Comme l’espace autour du cochonnet est très convoité, il n’est généralement pas facile d’accès. Le chemin vers le centre peut rapidement devenir très encombré par les boules de l’équipe adverse ou bien celles de sa propre équipe ; le détour n’est pas une option à la pétanque, tous les joueurs empruntent, à peu de choses près, la même artère principale. La progression vers le cochonnet demande donc aux équipes de bien s’organiser et de déterminer précisément les rôles de chacun.
Les équipes se décomposent en deux grands groupes d’acteurs. Les pointeurs sont les premiers à jouer, ils prospectent le terrain et sont à la recherche du meilleur emplacement possible. Les tireurs n’interviennent que dans un deuxième temps, ils sont là pour déloger l’adversaire et aider leur équipe à conserver une position acquise auparavant. On pointe pour marquer un point et on tire pour défendre un point. Chez les joueurs confirmés, on rencontre des tireurs d’élite qui, non content de chasser la boule adverse, lui prennent sa place. Quand c’est réussi, le coup porte le nom de carreau.
D’autres stratégies, moins radicales, sont possibles pour s’approcher du centre. Certains pointeurs vont se servir de la boule d’un adversaire pour faire dévier la leur en direction du cochonnet ; c’est ce qu’on appelle faire un bec (ou une Pivano). Enfin, quand l’équipe adverse a bloqué tous les accès au centre et qu’elle n’a plus de boules à lancer, alors une autre stratégie possible est de faire intervenir son propre tireur pour lui demander de déplacer le cochonnet et de créer un nouveau centre. Mais force est d’admettre que c’est une stratégie audacieuse et que vouloir créer une ville nouvelle a toujours été un pari osé.
Un jeu moderne dans l’air du temps
La pétanque est le jeu populaire par excellence, et dans tous les sens du terme.
En matière d’équipement, la pratique de la pétanque demande un investissement très modeste. Il convient d’avoir à sa disposition un jeu de boules, aussi appelé triplette – trois boules identiques – dont les moins chères peuvent s’obtenir pour quelques dizaines d’euros. A la pétanque, et à l’inverse de bien des sports, les équipements les plus modernes ne sont pas forcément plus performants que les plus anciens.

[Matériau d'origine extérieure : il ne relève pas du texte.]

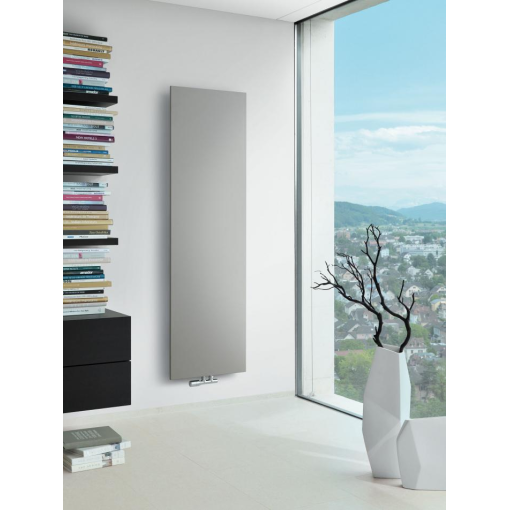 Radiador Decorativo Runtal Arteplano Vertical Con Aletas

Les greniers et les caves sont remplis de jeux de boules tout à fait compatibles avec une première expérience de jeu. Aucune tenue particulière n’est exigée, la pétanque peut se jouer en short, en jeans, en jupe, vêtu d’une chemise ou bien d’un débardeur, et chaussé de sandales ou bien de baskets. Si la pétanque compte autant d’adeptes, c’est aussi qu’elle se joue à peu près sur n’importe quelle surface pourvu qu’elle soit légèrement meuble et que les distances de jeu soient respectées. Il existe des espaces dédiés, appelés boulodrome, qui sont en très grande majorité publics et libres d’accès. Mais un terrain de pétanque a ceci d’unique qu’il peut s’improviser à peu près n’importe où en extérieur, dès lors que le sol peut permettre à une boule de rouler et d’être freinée (par du sable, des gravillons, etc).
La pratique de la pétanque a quelque chose de profondément inclusif. Sa capacité à produire du lien social dans des directions totalement inattendues n’est plus à démontrer et bien malin celui ou celle qui se risquerait à définir la sociologie du joueur de pétanque. Sur un terrain de boules, le retraité côtoie l’actif, le cadre sup l’employé du bâtiment, l’étudiant son professeur, l’immigré l’autochtone, l’urbain le rural, le maire du village ses administrés… A croire que la pétanque fait bien plus pour la mixité que nombre de politiques publiques. Autrefois présentée comme le jeu masculin par excellence, la pétanque se féminise et devient une pratique de moins en moins genrée. Et ultime corde à son arc social, la partie de pétanque est l’un des rares temps capables de faire s’amuser trois générations sur un même terrain de jeu extérieur.